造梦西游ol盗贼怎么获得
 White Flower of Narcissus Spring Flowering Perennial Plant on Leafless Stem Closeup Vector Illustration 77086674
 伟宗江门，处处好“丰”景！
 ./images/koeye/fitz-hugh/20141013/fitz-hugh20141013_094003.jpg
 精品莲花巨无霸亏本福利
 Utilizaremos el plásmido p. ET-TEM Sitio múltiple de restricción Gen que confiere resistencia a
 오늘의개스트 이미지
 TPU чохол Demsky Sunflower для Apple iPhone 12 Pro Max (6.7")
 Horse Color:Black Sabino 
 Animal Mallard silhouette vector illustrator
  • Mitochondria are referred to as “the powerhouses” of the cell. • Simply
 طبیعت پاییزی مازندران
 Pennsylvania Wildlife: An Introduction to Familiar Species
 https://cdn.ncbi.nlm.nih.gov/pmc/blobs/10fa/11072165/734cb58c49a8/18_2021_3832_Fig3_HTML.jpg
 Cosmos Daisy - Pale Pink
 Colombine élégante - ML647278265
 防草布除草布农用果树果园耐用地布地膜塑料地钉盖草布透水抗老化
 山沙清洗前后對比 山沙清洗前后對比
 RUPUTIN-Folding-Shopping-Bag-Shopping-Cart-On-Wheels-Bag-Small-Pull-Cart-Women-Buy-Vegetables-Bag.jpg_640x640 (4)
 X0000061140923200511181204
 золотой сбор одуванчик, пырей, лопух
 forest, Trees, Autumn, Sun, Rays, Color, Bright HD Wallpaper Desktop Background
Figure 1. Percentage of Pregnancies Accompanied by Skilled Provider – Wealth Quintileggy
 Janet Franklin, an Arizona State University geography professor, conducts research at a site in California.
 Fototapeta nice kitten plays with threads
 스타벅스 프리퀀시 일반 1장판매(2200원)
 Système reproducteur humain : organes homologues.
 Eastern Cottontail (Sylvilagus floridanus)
----------------------------------------
__Your objective__. Please return the full listing exactly as it appears.

__Written solution__.
造梦西游ol盗贼怎么获得
 White Flower of Narcissus Spring Flowering Perennial Plant on Leafless Stem Closeup Vector Illustration 77086674
 伟宗江门，处处好“丰”景！
 ./images/koeye/fitz-hugh/20141013/fitz-hugh20141013_094003.jpg
 精品莲花巨无霸亏本福利
 Utilizaremos el plásmido p. ET-TEM Sitio múltiple de restricción Gen que confiere resistencia a
 오늘의개스트 이미지
 TPU чохол Demsky Sunflower для Apple iPhone 12 Pro Max (6.7")
 Horse Color:Black Sabino 
 Animal Mallard silhouette vector illustrator
  • Mitochondria are referred to as “the powerhouses” of the cell. • Simply
 طبیعت پاییزی مازندران
 Pennsylvania Wildlife: An Introduction to Familiar Species
 https://cdn.ncbi.nlm.nih.gov/pmc/blobs/10fa/11072165/734cb58c49a8/18_2021_3832_Fig3_HTML.jpg
 Cosmos Daisy - Pale Pink
 Colombine élégante - ML647278265
 防草布除草布农用果树果园耐用地布地膜塑料地钉盖草布透水抗老化
 山沙清洗前后對比 山沙清洗前后對比
 RUPUTIN-Folding-Shopping-Bag-Shopping-Cart-On-Wheels-Bag-Small-Pull-Cart-Women-Buy-Vegetables-Bag.jpg_640x640 (4)
 X0000061140923200511181204
 золотой сбор одуванчик, пырей, лопух
 forest, Trees, Autumn, Sun, Rays, Color, Bright HD Wallpaper Desktop Background
Figure 1. Percentage of Pregnancies Accompanied by Skilled Provider – Wealth Quintileggy
 Janet Franklin, an Arizona State University geography professor, conducts research at a site in California.
 Fototapeta nice kitten plays with threads
 스타벅스 프리퀀시 일반 1장판매(2200원)
 Système reproducteur humain : organes homologues.
 Eastern Cottontail (Sylvilagus floridanus)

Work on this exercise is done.